The dispute turns on a recurring question of appropriations law: how far the executive may stretch its authority to reprogram or transfer funds between accounts before it crosses into spending money for purposes Congress did not appropriate it for — or into impounding funds Congress did appropriate. Congress sets spending by account and purpose precisely so the executive cannot quietly redirect it. A move to repurpose health money for shutdown costs tests exactly that boundary.

The stakes beyond USAID

The narrow story is about one agency. The broader story is about a structural principle.

If an administration can dismantle an agency Congress created by statute, decline to spend appropriations the way Congress directed, and redirect designated funds to its own priorities, then two of Congress’s core Article I powers — to structure the government and to control its spending — become advisory. The check does not depend on whether one agrees with USAID’s record or with foreign aid generally. It depends on whether the appropriations Congress enacts are binding instructions or merely suggestions.

That is why the FY2026 sequence matters well beyond foreign assistance. It is a live test of whether the power of the purse still functions as a constraint.

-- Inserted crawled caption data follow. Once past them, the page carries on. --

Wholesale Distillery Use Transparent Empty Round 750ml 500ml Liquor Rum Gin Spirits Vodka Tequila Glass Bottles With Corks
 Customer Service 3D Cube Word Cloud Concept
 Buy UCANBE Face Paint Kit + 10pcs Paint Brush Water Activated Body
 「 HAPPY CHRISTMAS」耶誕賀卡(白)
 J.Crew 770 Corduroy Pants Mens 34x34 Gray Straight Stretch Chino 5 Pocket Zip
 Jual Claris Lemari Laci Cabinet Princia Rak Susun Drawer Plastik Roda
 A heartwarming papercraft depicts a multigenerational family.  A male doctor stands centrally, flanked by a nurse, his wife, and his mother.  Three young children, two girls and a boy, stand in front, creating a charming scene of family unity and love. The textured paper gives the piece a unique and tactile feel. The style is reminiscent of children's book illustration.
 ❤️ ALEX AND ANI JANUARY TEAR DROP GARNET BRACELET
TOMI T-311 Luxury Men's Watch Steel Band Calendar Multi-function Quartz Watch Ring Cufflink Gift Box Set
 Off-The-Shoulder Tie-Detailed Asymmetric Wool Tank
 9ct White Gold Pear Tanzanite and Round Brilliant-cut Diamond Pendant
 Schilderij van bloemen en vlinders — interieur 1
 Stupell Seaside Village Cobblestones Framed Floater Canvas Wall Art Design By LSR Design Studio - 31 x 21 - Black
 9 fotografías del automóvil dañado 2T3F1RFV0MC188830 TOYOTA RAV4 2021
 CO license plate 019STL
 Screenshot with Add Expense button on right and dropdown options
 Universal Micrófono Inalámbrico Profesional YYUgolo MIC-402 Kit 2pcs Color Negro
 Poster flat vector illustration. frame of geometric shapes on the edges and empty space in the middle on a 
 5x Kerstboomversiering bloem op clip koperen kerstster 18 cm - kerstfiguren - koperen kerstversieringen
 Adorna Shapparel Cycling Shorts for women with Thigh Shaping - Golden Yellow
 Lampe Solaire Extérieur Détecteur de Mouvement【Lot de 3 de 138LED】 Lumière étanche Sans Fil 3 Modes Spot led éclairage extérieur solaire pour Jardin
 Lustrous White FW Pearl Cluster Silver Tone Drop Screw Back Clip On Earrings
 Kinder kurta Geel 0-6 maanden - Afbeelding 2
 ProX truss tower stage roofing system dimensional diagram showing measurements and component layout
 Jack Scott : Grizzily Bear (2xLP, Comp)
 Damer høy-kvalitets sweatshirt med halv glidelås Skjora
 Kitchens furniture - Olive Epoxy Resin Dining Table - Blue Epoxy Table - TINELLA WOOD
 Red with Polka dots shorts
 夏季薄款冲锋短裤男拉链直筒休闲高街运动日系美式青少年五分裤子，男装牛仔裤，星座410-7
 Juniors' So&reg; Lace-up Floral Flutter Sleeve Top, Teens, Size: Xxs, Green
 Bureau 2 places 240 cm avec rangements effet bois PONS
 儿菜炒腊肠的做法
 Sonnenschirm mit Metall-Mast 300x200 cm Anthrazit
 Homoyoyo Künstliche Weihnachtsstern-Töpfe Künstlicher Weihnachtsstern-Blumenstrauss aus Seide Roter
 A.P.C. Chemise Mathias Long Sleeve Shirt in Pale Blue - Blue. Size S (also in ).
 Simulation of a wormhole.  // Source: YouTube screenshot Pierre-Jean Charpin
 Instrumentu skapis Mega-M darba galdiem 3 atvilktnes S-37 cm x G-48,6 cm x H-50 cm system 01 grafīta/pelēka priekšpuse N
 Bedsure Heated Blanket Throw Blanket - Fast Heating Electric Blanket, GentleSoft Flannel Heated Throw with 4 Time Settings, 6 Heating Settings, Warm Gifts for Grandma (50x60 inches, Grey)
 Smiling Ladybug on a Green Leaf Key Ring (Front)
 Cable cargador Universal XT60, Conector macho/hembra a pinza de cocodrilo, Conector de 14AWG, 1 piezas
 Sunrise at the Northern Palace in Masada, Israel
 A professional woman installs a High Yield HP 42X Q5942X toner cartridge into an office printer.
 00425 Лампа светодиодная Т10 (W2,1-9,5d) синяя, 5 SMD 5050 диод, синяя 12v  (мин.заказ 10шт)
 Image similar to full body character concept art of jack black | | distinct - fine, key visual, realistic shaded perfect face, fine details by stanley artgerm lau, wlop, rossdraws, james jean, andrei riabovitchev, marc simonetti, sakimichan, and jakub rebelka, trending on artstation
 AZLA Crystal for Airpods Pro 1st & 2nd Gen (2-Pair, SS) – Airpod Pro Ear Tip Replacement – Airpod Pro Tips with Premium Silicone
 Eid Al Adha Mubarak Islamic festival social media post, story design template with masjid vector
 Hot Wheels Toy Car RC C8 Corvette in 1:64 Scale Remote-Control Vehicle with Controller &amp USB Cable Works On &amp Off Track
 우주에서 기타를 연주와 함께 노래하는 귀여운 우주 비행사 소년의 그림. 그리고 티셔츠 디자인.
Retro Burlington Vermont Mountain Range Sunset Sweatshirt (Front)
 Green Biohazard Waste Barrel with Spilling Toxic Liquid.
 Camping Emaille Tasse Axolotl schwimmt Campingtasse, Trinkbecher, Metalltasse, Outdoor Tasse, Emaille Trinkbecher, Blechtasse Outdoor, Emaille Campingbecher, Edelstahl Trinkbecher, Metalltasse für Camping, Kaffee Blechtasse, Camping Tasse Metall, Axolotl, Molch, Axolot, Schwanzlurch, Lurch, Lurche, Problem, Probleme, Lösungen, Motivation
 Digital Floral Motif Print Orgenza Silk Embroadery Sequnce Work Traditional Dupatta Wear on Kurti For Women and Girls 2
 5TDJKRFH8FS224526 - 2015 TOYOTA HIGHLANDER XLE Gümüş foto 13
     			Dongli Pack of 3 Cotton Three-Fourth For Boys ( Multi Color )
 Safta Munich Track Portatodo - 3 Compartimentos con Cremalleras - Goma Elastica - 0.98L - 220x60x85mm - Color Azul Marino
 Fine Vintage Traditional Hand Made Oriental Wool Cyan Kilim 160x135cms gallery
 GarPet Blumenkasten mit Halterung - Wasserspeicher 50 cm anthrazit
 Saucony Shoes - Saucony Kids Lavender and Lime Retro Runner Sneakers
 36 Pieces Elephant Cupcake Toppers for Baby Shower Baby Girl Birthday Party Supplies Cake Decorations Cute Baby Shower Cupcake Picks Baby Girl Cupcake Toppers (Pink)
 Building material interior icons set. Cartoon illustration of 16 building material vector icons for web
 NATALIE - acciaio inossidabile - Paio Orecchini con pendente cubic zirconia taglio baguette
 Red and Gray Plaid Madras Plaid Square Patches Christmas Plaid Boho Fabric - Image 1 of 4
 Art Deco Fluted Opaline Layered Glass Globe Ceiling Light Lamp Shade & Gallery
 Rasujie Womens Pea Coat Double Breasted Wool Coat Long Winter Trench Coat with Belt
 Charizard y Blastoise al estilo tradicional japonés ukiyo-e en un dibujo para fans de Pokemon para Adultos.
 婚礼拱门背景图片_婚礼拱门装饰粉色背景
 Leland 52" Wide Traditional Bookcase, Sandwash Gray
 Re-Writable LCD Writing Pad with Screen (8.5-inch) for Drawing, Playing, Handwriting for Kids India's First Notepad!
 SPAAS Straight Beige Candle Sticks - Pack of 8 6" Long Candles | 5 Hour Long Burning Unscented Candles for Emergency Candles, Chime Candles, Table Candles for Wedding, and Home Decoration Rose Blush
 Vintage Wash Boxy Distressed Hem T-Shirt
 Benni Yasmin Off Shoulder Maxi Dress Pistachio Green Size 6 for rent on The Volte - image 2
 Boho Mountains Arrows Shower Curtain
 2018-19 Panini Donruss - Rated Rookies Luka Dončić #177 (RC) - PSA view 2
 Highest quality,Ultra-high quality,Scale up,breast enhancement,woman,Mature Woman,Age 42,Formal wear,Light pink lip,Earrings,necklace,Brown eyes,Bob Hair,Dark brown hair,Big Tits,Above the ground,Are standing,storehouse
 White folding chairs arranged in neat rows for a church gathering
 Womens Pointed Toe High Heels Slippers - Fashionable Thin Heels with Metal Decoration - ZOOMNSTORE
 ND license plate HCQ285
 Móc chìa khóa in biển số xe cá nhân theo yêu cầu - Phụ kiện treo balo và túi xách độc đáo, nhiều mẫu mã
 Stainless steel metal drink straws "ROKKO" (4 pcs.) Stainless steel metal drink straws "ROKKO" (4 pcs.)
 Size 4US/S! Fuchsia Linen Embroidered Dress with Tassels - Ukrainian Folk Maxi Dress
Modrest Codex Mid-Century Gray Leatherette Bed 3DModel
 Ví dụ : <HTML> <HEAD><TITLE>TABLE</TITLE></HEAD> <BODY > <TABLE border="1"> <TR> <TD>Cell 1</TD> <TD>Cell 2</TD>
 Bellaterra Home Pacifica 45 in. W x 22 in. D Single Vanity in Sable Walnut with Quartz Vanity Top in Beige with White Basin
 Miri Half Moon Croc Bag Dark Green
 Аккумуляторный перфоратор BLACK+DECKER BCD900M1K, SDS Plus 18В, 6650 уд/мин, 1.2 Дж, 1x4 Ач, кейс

What to ask your representatives

  • Do they believe the executive branch can lawfully abolish an agency that Congress created by statute without congressional authorization? If not, what will they do about USAID’s dissolution?
  • Will they oppose the diversion of roughly $2 billion in appropriated global-health funds to pay USAID closure costs, and will they support legislation or oversight to block it?
  • How did they vote on the FY2026 appropriations package (P.L. 119-75), and do they support its roughly $50 billion in funding for diplomacy and assistance over the administration’s much smaller request?
  • What specific tools — appropriations riders, reprogramming restrictions, oversight hearings, litigation support — will they use to ensure appropriated funds are spent for the purposes Congress designated?
  • If foreign assistance is to be delivered through the State Department rather than an independent agency, what oversight structure will they insist on so that Congress can still track how the money is used?